Department stores posted sizable sales declines. At Seattle-based Nordstrom, sales in the last nine weeks of 2022 decreased 3.5% from a year earlier, with the company noting that they “were softer than prepandemic levels.” Macy’s said its holiday sales were on the lower end of expectations.

The layoffs at certain retail companies are a sign that the industry is bracing for a slowdown and another change in how people shop.

“To mitigate macroeconomic headwinds and best position our business for success, we have made changes to streamline our organizational structure,” Meghan Biango, a spokesperson for Saks Off 5th, said in a statement. “As part of this, we made the difficult decision to part ways with associates across various areas of the business.”

The layoffs affected divisions such as talent acquisition and supply chain.

Not all retailers are in a defensive crouch. For instance, Walmart announced this week that it was raising the minimum wage for its store employees in a bid to attract and retain workers in a tight labor market.

Still, some retailers are becoming focused less on bringing in new customers – an expensive undertaking – and more on retaining those they gained during the pandemic.

“There’s a sense of conservatism,” said Brian Walker, chief strategy officer at Bloomreach, which works with retailers on their e-commerce and digital marketing businesses. “They’re still adjusting in many ways to this omnichannel retail environment and are probably seeing this as an important time to calibrate their organizations and make sure they have the right people, and not too many of them, to be pragmatic and weather a potential storm.”

That means fewer projects that require lots of money and time and more investments where a company can start seeing results quickly, Walker said.

“This isn’t the economy to really get creative and take on high risk,” Lepard said. “There might be a pulling back of some of that innovation in future investment to make sure they’re pacing themselves.”

It’s also a moment for retailers to assess what e-commerce abilities they need. In the early months of the pandemic, online sales exploded as many brick-and-mortar stores went dark. That growth has slowed. E-commerce traffic in North America declined 1.6% in the third quarter of 2022 compared with a year earlier, according to Bloomreach’s Commerce Pulse data. Conversion rates – the measure of someone’s buying an item after seeing it advertised – dropped 12% during the same period.

“This is where people overshot the runway,” said Craig Johnson, president of the retail advisory firm Customer Growth Partners, who has tracked the industry for 25 years. “This works like a ratchet.
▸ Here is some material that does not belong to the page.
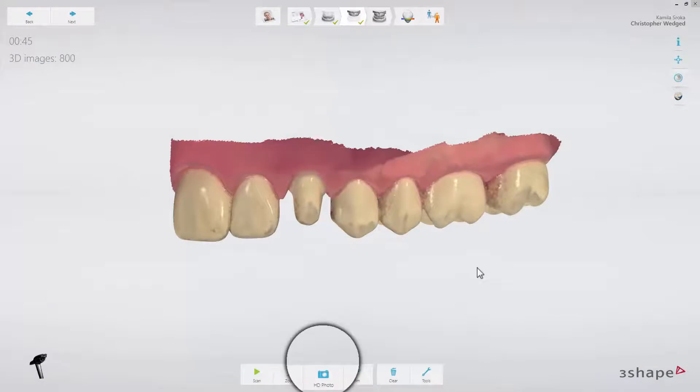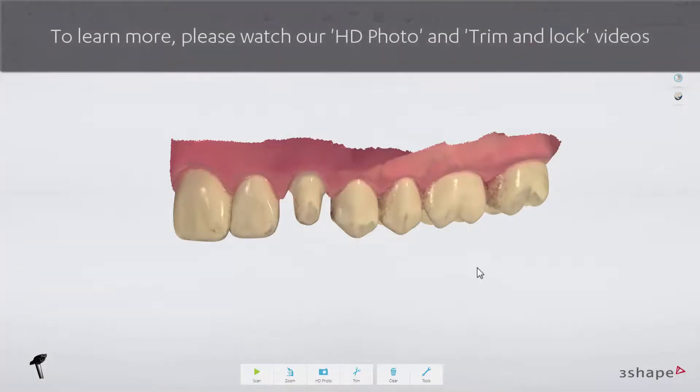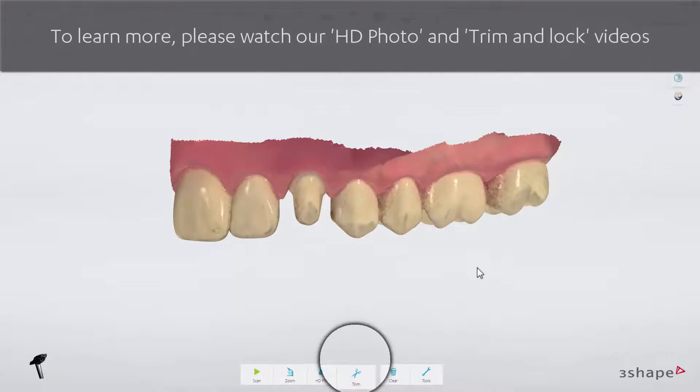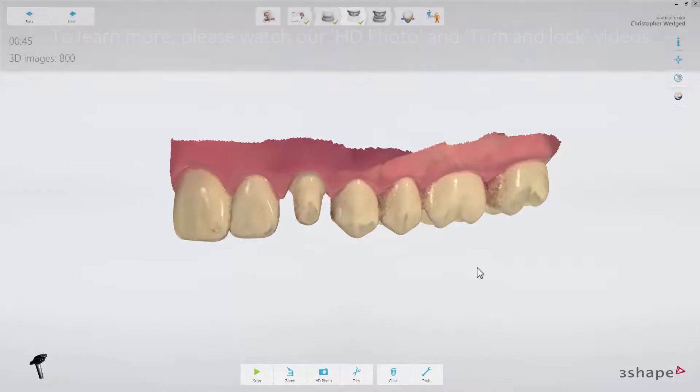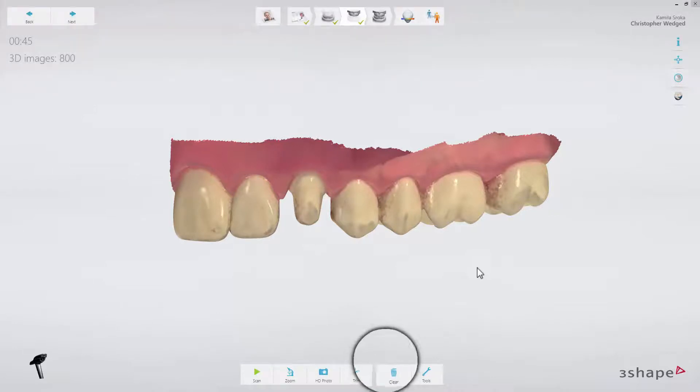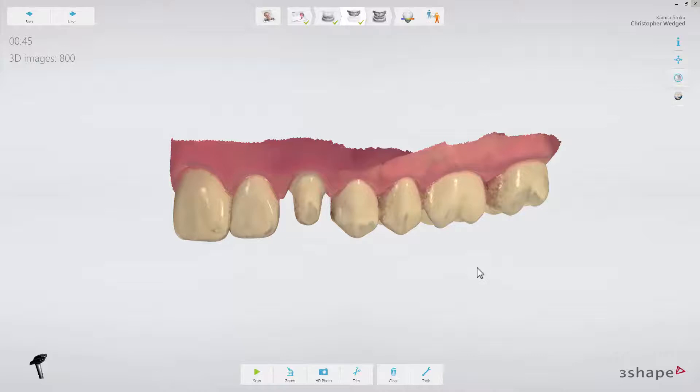HD photo, which you can learn more about in the HD photo video. Trim, which you can learn more about in the trim and lock video. Next to this is Clear, which can be used to remove an existing scan on the active page. It won't delete any of the other scans or details from the other workflow steps.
It might go up to 27%, but that’s going to normalize,” he added, referring to the share of total e-commerce spending for the first year of the pandemic, when many stores were grappling with COVID restrictions and closures.
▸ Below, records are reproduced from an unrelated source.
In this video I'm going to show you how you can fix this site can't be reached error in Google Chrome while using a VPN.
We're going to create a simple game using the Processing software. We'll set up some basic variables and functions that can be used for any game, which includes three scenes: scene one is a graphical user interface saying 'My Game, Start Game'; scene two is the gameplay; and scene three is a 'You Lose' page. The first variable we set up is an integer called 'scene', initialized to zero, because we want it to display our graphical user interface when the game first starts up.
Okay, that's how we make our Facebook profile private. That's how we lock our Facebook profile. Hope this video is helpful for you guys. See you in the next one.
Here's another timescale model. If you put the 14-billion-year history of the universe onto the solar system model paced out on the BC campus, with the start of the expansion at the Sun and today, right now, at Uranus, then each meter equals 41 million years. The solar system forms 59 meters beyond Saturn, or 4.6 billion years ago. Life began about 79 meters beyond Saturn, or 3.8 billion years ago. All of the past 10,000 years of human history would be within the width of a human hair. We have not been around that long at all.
When online spending was increasing, many companies pushed to fill roles that could help them meet the demand. Now they have to adjust to a new reality.

The retail layoffs are an about-face from 2021, when companies couldn’t hire front-line workers fast enough. After the initial jolt of the pandemic, which led many retailers to furlough or outright fire workers, many people received stimulus checks from the government. They wanted to spend that money, and when companies needed to ramp up in-store services again, they often struggled to find enough workers.

Recalling that difficulty might give some retailers pause before they lay off workers this time, Walker said. If a steep downturn never comes, or if there’s a sudden rebound in demand, companies don’t want to be stuck without enough employees.But the next few months could be rough for retailers as profit margins shrink and revenue growth slows from what it was the past couple of years. In that kind of environment, investors generally like to see large companies take steps to cut costs. And once layoffs begin, a kind of industry groupthink can set in.

“Once a couple of companies start to do it,” said Peter Cappelli, a professor at the University of Pennsylvania’s Wharton School who researches management and human resources, “then it creates some momentum where then you’ve got to explain why you’re not doing what everybody else is doing.”